**What you are asked to do:**
Among the entries below, please show each line that carries the word "steps".

--- Material shown ---

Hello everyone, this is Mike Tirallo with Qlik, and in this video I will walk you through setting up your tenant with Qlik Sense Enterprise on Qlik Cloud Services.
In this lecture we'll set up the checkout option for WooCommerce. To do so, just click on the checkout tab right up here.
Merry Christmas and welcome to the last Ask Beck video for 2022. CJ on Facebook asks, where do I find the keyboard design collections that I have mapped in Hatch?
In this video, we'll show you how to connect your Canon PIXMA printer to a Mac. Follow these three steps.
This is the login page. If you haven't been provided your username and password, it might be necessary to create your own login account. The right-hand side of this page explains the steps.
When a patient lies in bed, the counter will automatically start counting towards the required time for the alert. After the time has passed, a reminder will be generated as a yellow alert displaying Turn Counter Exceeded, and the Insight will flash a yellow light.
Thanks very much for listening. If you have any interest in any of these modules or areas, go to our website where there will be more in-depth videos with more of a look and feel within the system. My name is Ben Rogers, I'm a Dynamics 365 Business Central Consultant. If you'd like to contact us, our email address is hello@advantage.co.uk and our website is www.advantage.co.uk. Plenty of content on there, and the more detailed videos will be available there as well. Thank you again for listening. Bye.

---
--- Material shown ---

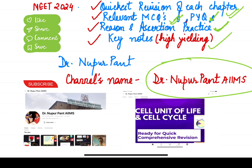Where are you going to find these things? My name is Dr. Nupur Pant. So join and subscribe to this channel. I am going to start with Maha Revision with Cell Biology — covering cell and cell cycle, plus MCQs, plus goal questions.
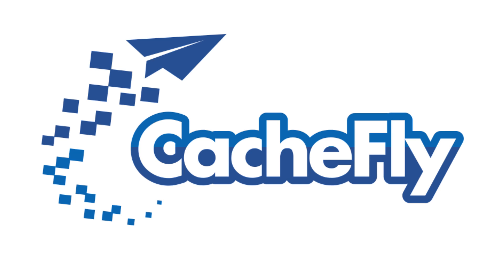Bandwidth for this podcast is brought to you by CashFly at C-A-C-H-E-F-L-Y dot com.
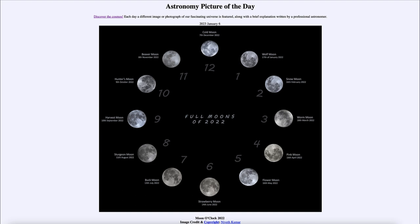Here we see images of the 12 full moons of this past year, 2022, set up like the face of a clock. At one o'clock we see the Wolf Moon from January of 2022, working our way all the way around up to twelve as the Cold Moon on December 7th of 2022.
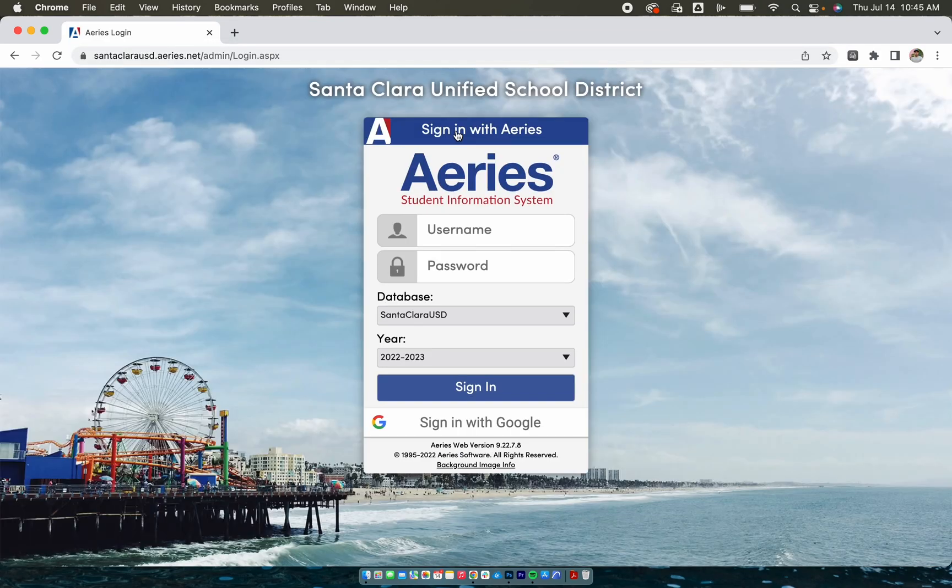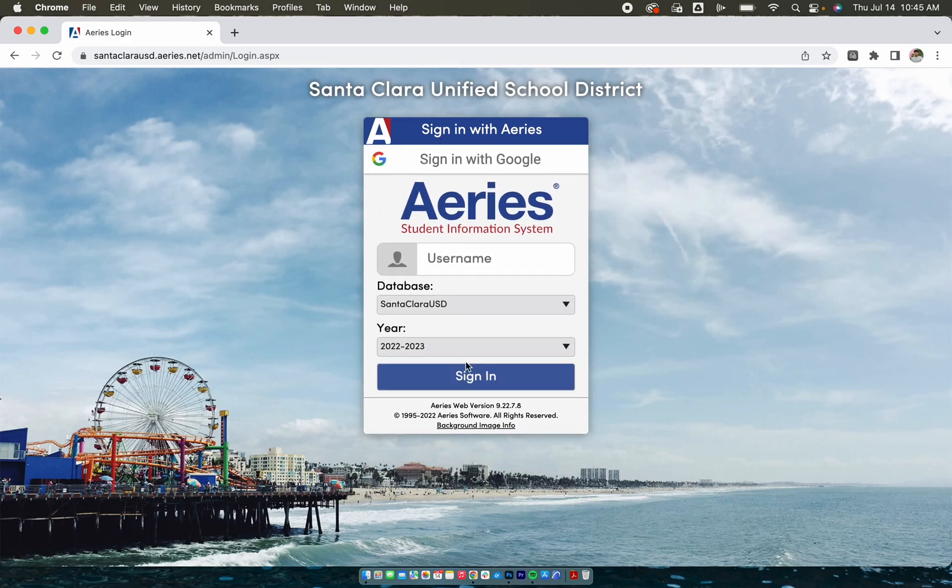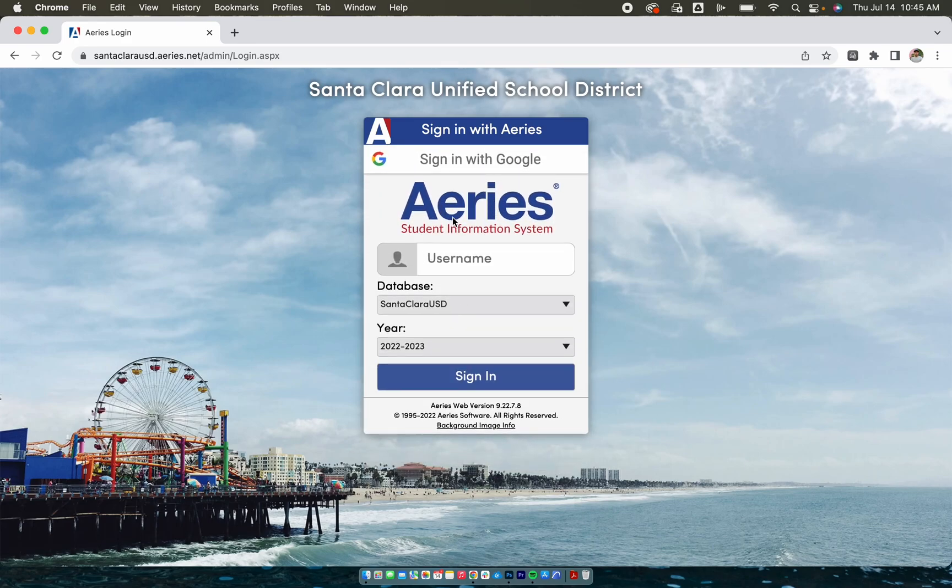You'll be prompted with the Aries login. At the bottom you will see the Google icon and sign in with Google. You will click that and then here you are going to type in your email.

---
--- Material shown ---

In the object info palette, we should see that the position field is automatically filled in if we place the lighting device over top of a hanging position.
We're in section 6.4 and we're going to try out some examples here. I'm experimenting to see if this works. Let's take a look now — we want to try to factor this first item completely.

---

**Output below:**
In this video, we'll show you how to connect your Canon PIXMA printer to a Mac. Follow these three steps.
This is the login page. If you haven't been provided your username and password, it might be necessary to create your own login account. The right-hand side of this page explains the steps.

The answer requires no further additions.